Output the data word for word, dropping every image.

-- Data supplied --
▼

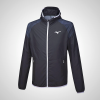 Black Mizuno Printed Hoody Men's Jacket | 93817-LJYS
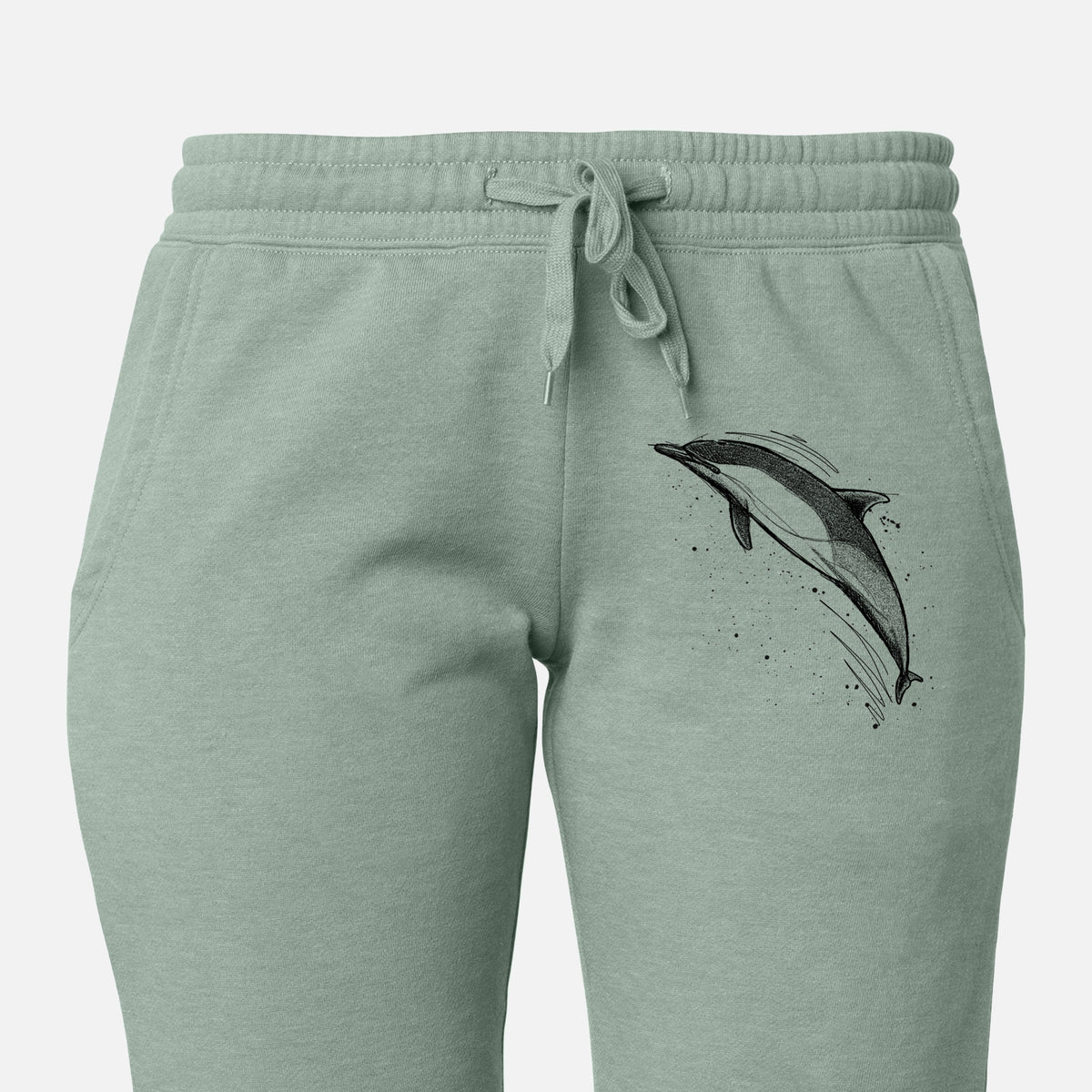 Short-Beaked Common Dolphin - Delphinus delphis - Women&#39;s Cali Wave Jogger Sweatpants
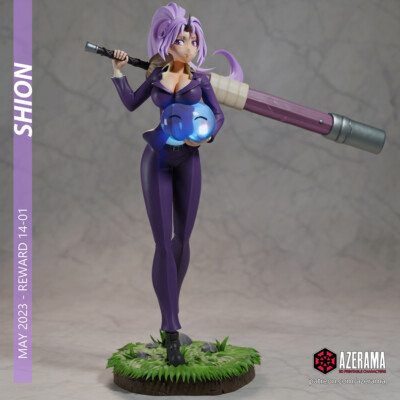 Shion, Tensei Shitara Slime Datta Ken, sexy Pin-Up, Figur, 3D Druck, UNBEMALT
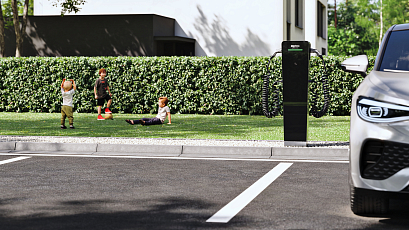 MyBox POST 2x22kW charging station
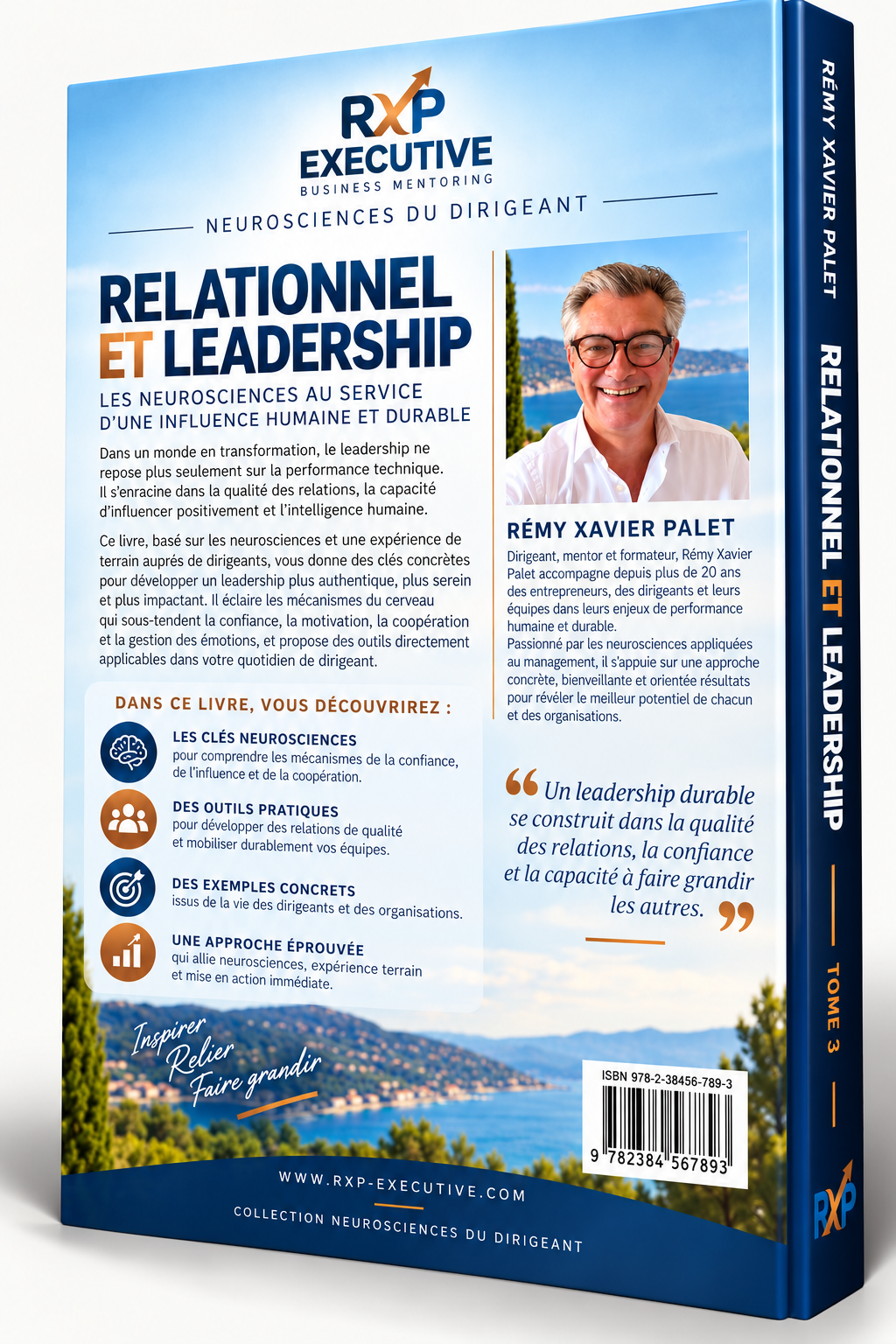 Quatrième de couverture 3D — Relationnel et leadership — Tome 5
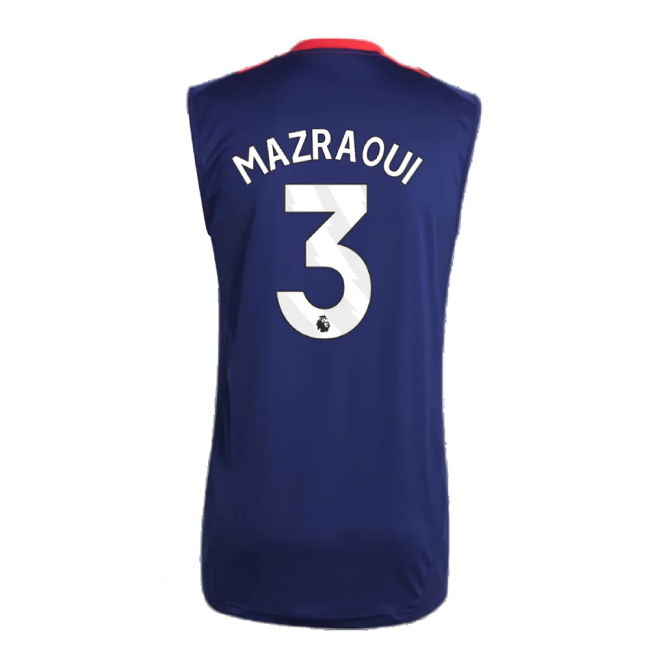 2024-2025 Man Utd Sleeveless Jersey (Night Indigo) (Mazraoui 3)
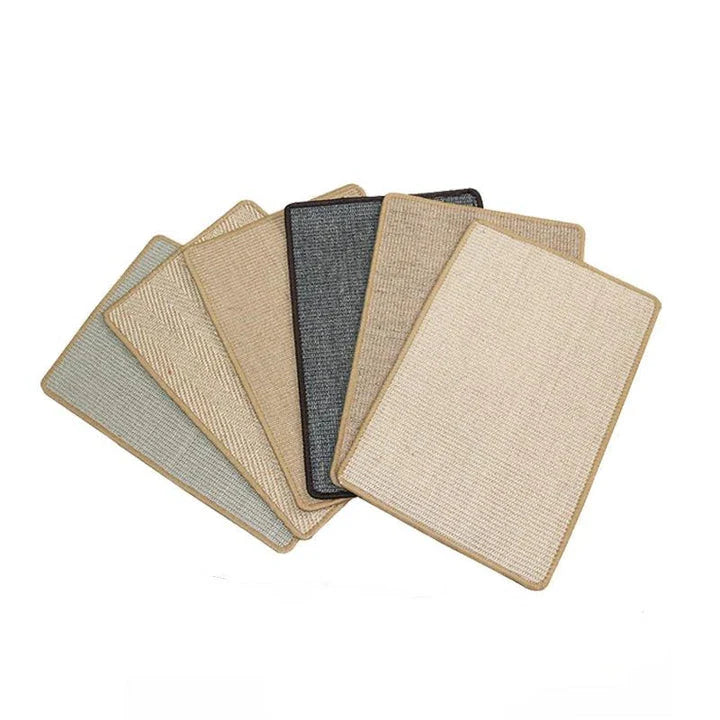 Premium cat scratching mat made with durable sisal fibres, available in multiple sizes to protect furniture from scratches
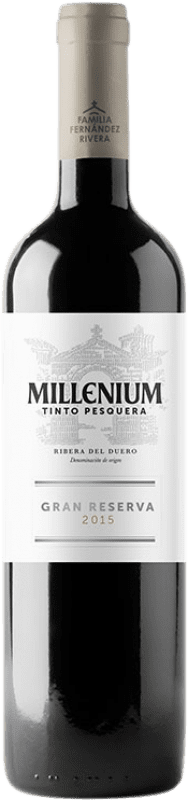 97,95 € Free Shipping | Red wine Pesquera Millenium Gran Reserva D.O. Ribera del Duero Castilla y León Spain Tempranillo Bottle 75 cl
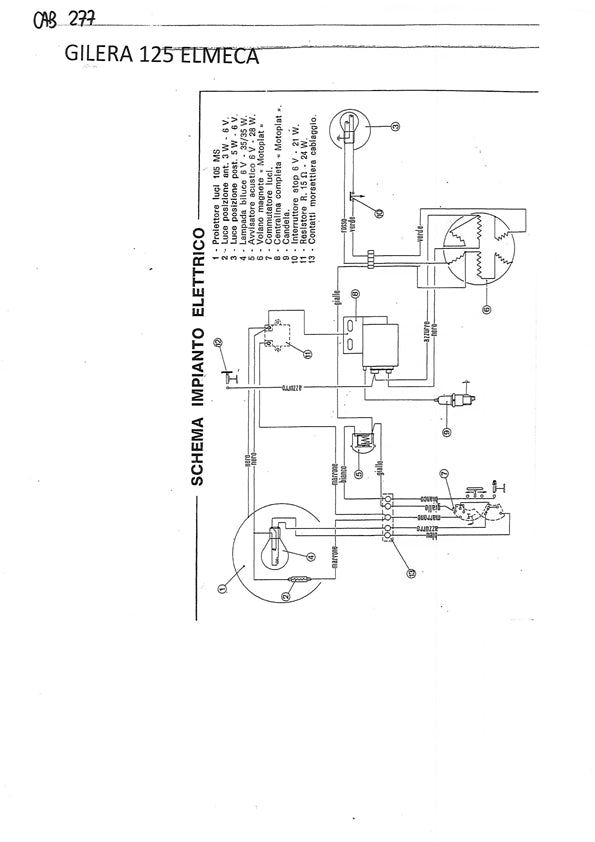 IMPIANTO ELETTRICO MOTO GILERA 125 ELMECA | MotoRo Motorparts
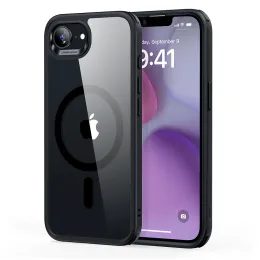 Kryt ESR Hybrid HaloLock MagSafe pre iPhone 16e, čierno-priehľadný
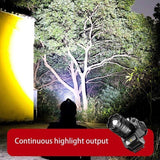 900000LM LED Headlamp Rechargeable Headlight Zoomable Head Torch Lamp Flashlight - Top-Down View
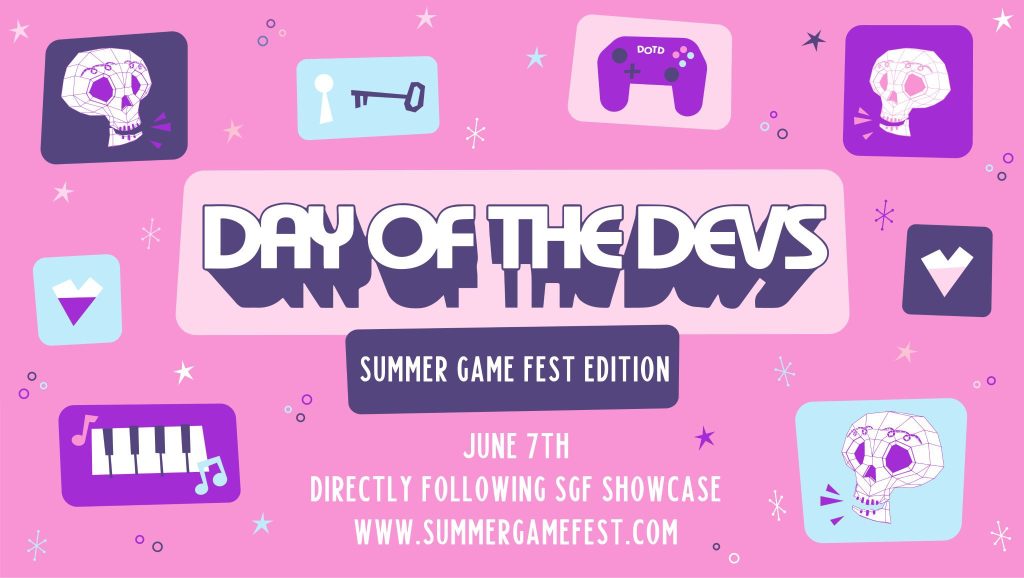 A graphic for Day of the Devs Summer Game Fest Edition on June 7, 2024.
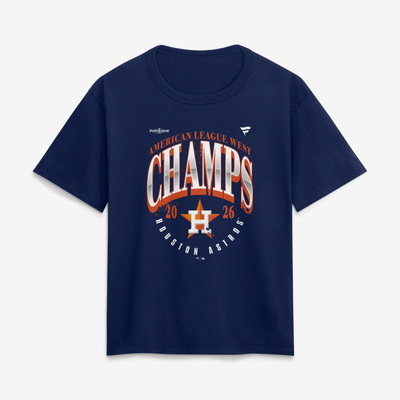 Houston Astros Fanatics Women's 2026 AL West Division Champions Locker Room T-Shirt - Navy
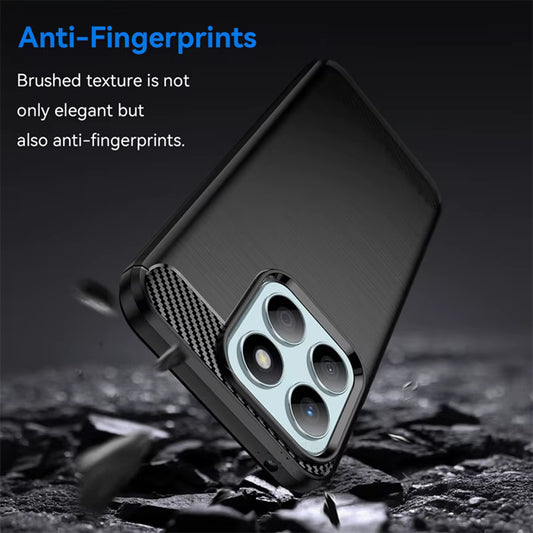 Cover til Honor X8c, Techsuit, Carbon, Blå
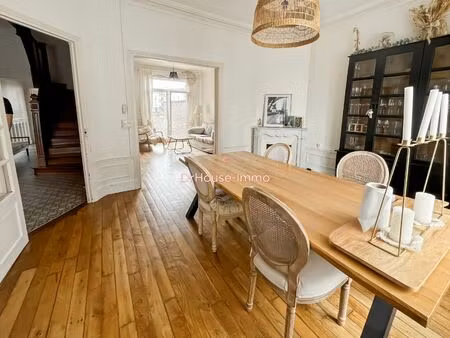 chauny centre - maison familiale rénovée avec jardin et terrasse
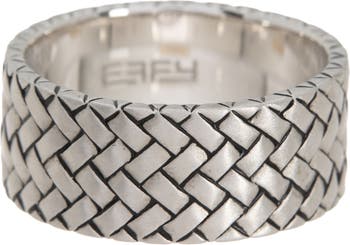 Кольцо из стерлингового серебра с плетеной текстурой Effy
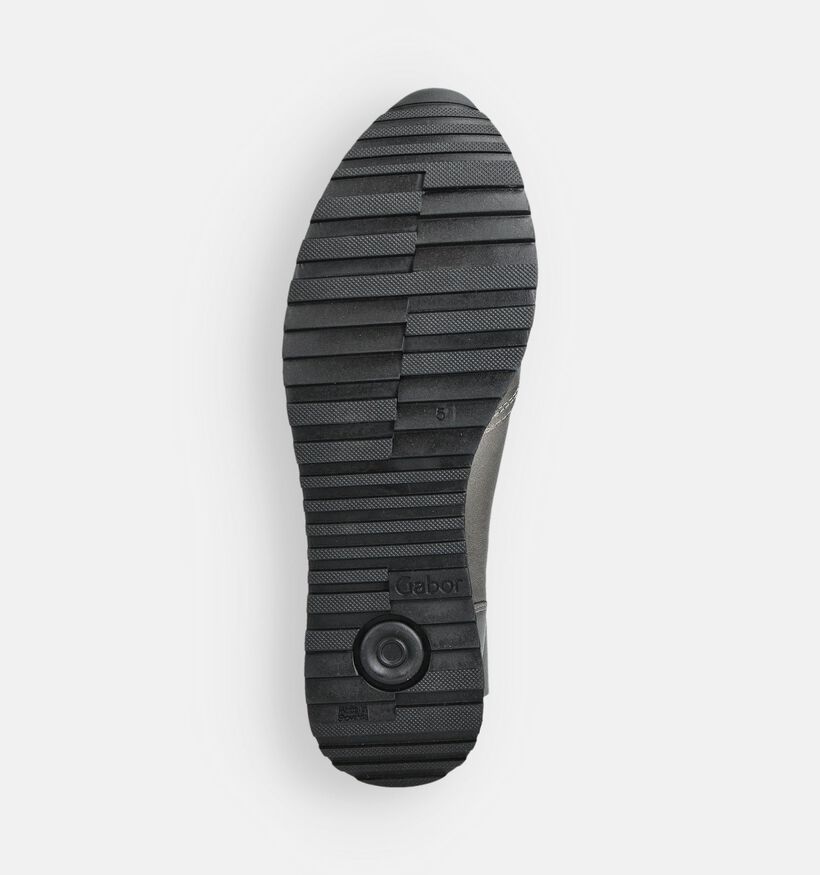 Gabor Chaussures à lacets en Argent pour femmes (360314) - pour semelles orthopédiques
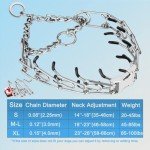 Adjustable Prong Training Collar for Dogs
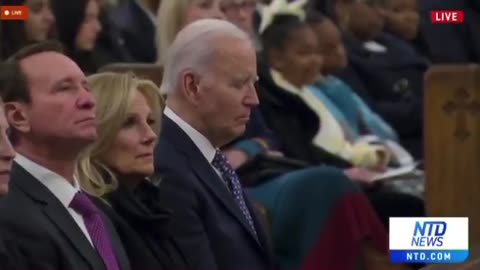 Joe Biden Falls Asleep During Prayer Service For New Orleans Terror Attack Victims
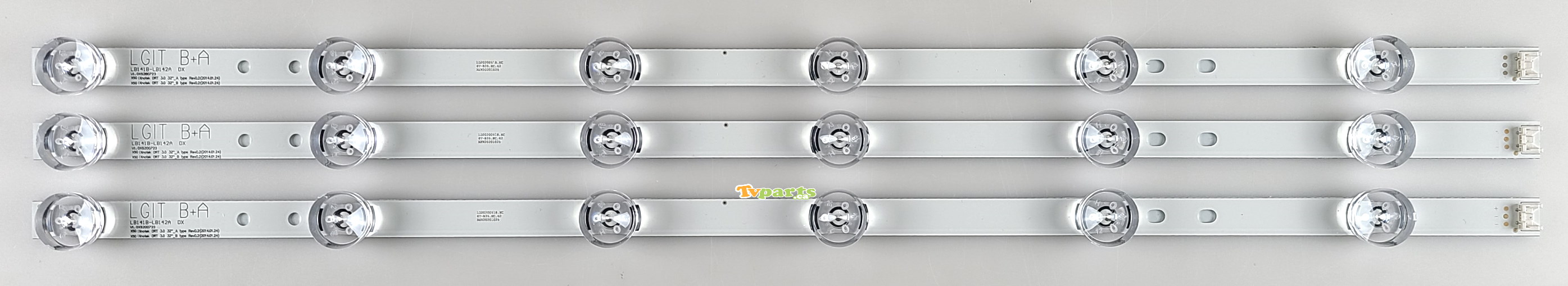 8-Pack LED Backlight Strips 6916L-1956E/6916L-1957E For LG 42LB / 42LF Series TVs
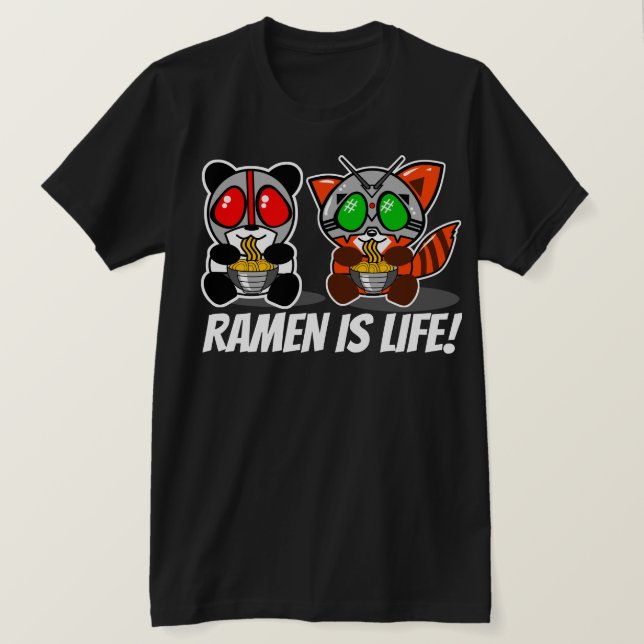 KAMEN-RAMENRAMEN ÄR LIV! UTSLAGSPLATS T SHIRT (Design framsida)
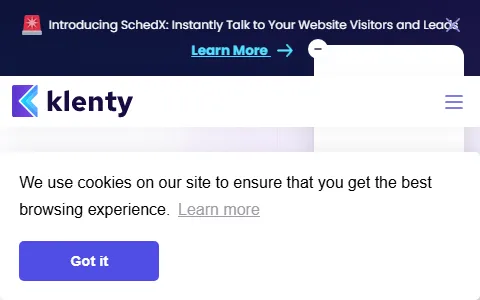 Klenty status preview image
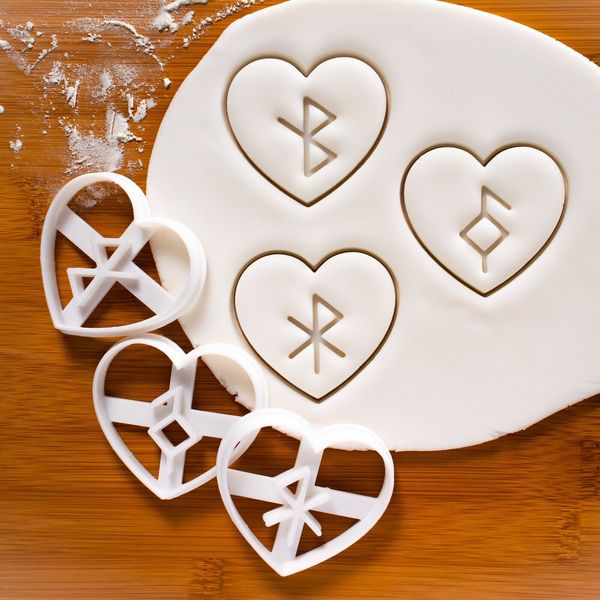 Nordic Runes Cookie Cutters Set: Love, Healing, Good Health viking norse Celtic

▲

-- Answer box --
 Black Mizuno Printed Hoody Men's Jacket | 93817-LJYS
 Short-Beaked Common Dolphin - Delphinus delphis - Women&#39;s Cali Wave Jogger Sweatpants
 Shion, Tensei Shitara Slime Datta Ken, sexy Pin-Up, Figur, 3D Druck, UNBEMALT
 MyBox POST 2x22kW charging station
 Quatrième de couverture 3D — Relationnel et leadership — Tome 5
 2024-2025 Man Utd Sleeveless Jersey (Night Indigo) (Mazraoui 3)
 Premium cat scratching mat made with durable sisal fibres, available in multiple sizes to protect furniture from scratches
 97,95 € Free Shipping | Red wine Pesquera Millenium Gran Reserva D.O. Ribera del Duero Castilla y León Spain Tempranillo Bottle 75 cl
 IMPIANTO ELETTRICO MOTO GILERA 125 ELMECA | MotoRo Motorparts
 Kryt ESR Hybrid HaloLock MagSafe pre iPhone 16e, čierno-priehľadný
 900000LM LED Headlamp Rechargeable Headlight Zoomable Head Torch Lamp Flashlight - Top-Down View
 A graphic for Day of the Devs Summer Game Fest Edition on June 7, 2024.
 Houston Astros Fanatics Women's 2026 AL West Division Champions Locker Room T-Shirt - Navy
 Cover til Honor X8c, Techsuit, Carbon, Blå
 chauny centre - maison familiale rénovée avec jardin et terrasse
 Кольцо из стерлингового серебра с плетеной текстурой Effy
 Gabor Chaussures à lacets en Argent pour femmes (360314) - pour semelles orthopédiques
 Adjustable Prong Training Collar for Dogs
 Joe Biden Falls Asleep During Prayer Service For New Orleans Terror Attack Victims
 8-Pack LED Backlight Strips 6916L-1956E/6916L-1957E For LG 42LB / 42LF Series TVs
 KAMEN-RAMENRAMEN ÄR LIV! UTSLAGSPLATS T SHIRT (Design framsida)
 Klenty status preview image
 Nordic Runes Cookie Cutters Set: Love, Healing, Good Health viking norse Celtic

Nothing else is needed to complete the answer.